Laurence Augoyard : Certains exemples mélangent le digital et le smart data. Nous avons des groupes bancaires qui réinventent la façon dont leurs conseillers travaillent avec leurs clients, via de nouvelles interactions. Par exemple, chez LCL, l’objectif consistait à faire en sorte que le conseiller clientèle connaisse la situation, les besoins et les envies de son client lorsque ce dernier arrive en agence, grâce au digital. Pour remonter la connaissance du client auprès des agents, il a fallu développer un portail permettant de pousser de l’information. Nous rencontrons également de nombreux cas clients sur les Smart Cities, qui cherchent à mélanger de la data avec du digital afin que l’ensemble des objets connectés se parlent entre eux dans le but de faire réaliser des économies d’énergie, notamment. Ce sont des exemples intéressants car nous avons de nombreux champions français dans ce domaine-là qui exportent leurs idées, notamment en Chine. Le crowdfunding est aussi un exemple de disruption qui impose un nouveau modèle, et dont le fonctionnement nécessite de faire converger la donnée avec le digital. Nous sommes bien là sur un changement d’usage, un nouveau type de modèle en freemium accompagné de services associés. Rappelons d’ailleurs que la donnée est au cœur du digital. Elle permet de factualiser et de benchmarker. La donnée, notamment sur les objets connectés, permet de relier entre eux des usages et des personnes, des signaux qui permettent de créer de la valeur. Le digital permet également de bénéficier d’un avantage encore peu exploité pour le moment : la création d’un patrimoine data, incorporel, pas encore valorisé au bilan mais qui, un jour, pourrait l’être. Enfin, la donnée n’a d’intérêt que si, pour l’utilisateur final, elle est neutre. Nous revenons alors sur la notion d’accessibilité, de convivialité de l’expérience client. Derrière tous ces enjeux, il ne faut cependant pas occulter la problématique de la sécurisation et de la confidentialité de la data. En matière de B2B, le droit est assez flexible car il est aujourd’hui poussé par les Américains. Ce qui n’est en revanche pas du tout le cas en matière de données personnelles avec lesquelles, en France, nous avons des garde-fous grâce à la CNIL.
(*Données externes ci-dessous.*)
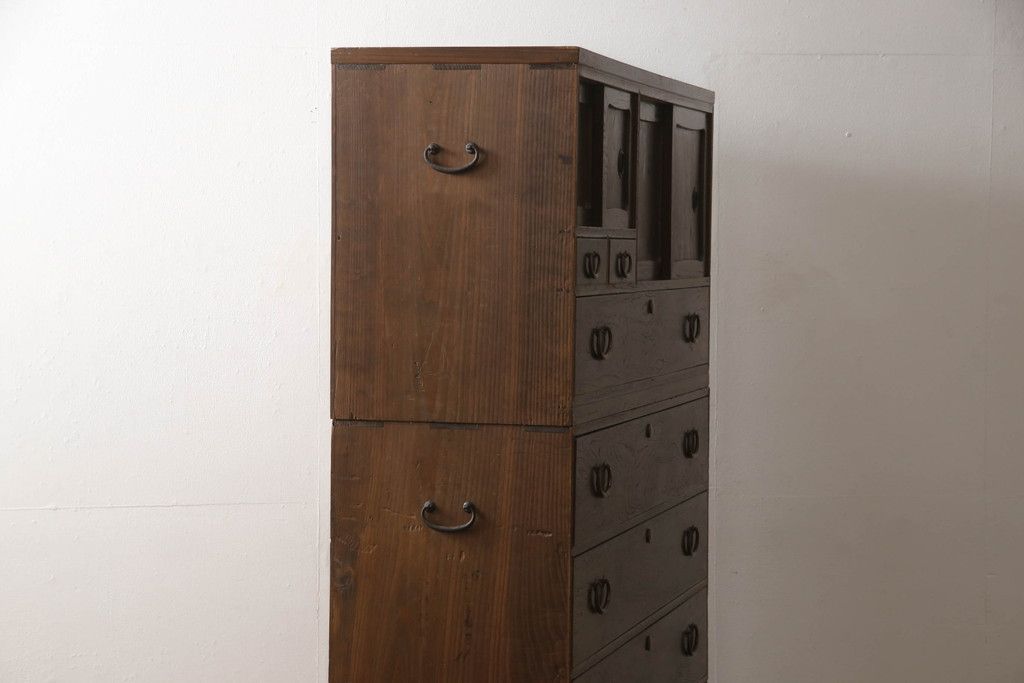 桐箪笥を綺麗に再生!鍵穴隠しを付け直し、剥離再塗装。ワントーン落ち着いた色味に着色。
Anne Lacouberie : Pour gagner en satisfaction client, en compétitivité et en fidélisation de leurs collaborateurs, les entreprises savent qu’elles doivent adopter les usages et les outils de leurs utilisateurs.
Fabien Barrois : Les services digitaux proposés aujourd’hui par les entreprises sont des facteurs entrant en ligne de compte dans le choix des consommateurs quant à un produit ou une prestation. Ils deviennent des éléments différenciateurs sur le marché.